No, we didn’t fry it. I think all of those YouTube videos have permanently scarred my mother. I don’t think that will ever happen.
Instead of the traditional roast, this year we opted to break down the turkey, separating the white and dark meats and roasted them separately. Unfortunately, our turkey’s brine was a bit too strong and the turkey ended up being a bit salty (as it turns out, there’s a way to fix this) but it was cooked perfectly. The breasts, which I made into a roti, were juicy and not the least bit dry. The dark meat was cooked perfectly without even a hint of pink near the joints. (In case you didn’t know, that’s what you want in a roasted bird.)
This past Sunday, I decided to try things again. This time, I used a chicken; I didn’t brine the bird nor did I make the breasts into a roti.
The result? I am never, ever roasting an entire bird again. Why would you when this is more flavorful and much easier to baste and maneuver on the cutting board than an entire roast bird? In addition, this will save you boogaloos of money as you’re the one who’s breaking down the bird yourself instead of your butcher.
Hot Mess’ Perfect Roast Chicken
- One whole, free range organic chicken (since you’re buying it whole and going to use every last bit of it, you should get the best bird possible)
- 4-6 tbsp soft unsalted butter
- kosher salt
- freshly cracked pepper
- olive oil
- 1/4 lemon
- 4-5 medium carrots
- 4-5 medium celery ribs
- Preheat your oven to 350F.
- Carefully rinse your chicken under running cold water. Remove giblets and whatever other “goodies” are hiding in your bird.
- Using a VERY sharp kitchen knife, break down your chicken. If you’ve never done this before, the first time feels very “Silence of the Lambs”. Here is my favorite how-to video on breaking down a raw chicken. After you break down the bird, save the ribs to make stock– you might as well, right? Also, salt your chicken liberally with kosher salt and let sit while you prepare the pan.
- In the bottom of a deep square baking pan, line up the carrots and celery in such a way that you’re creating a raised “rack” for your chicken to sit upon. Squeeze the 1/4 lemon over the vegetables and wedge the juiced lemon quarter in amongst the vegetables.
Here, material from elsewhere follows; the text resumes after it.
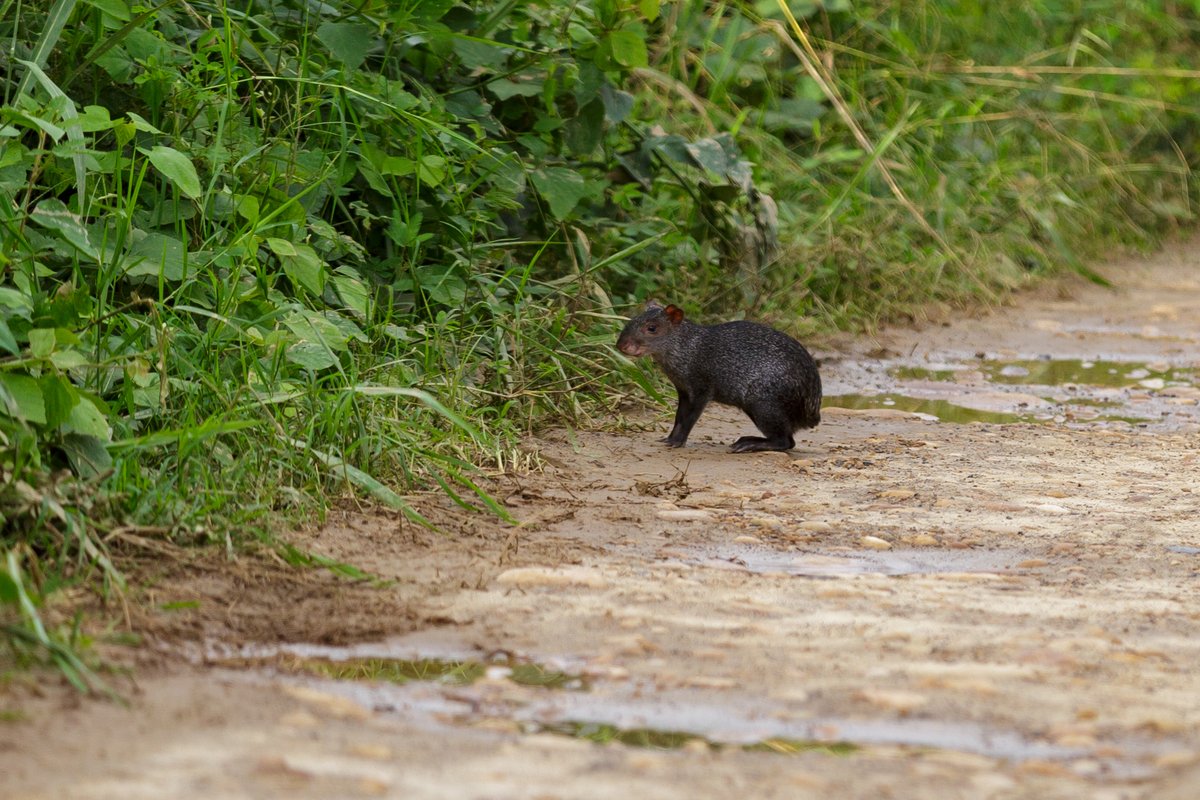 inst_humboldt's tweet photo. #LunesdeLibros📚Colombia cuenta con gran diversidad de roedores, sin embargo, la caza y el consumo de su carne ponen en peligro a estas especies. Conoce cómo #BioModelos ayuda a conocer sus distribuciones en el 'Atlas de la biodiversidad. Grandes Roedores'.https://t.co/NisBgTUNG5 https://t.co/ofSsDMjXiq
- In between the skin and the meat of each piece, apply butter very, very liberally. You should be able to see no meat and see only butter beneath the translucent skin. Most of this will run out during the cooking process, but it creates the perfect basting liquid. Don’t worry, you won’t end up eating all of this butter.
- Set your chicken thighs in your roasting pan atop the carrot and celery “rack”; grind course black pepper over the top of each thigh and apply a coating of olive oil. (Olive oil means a crispy skin!) Place in oven for 15 minutes.
- After 15 minutes, remove the pan from the oven and add you chicken breasts and wings. Add freshly ground pepper and olive oil. Roast until juices run clear, or your breasts read 165F with a meat thermometer. This took about 1h45. Remove the pan every 30 minutes to baste with the drippings for about 4 minutes each time.
- Let rest for 15-20 minutes after removing from the oven.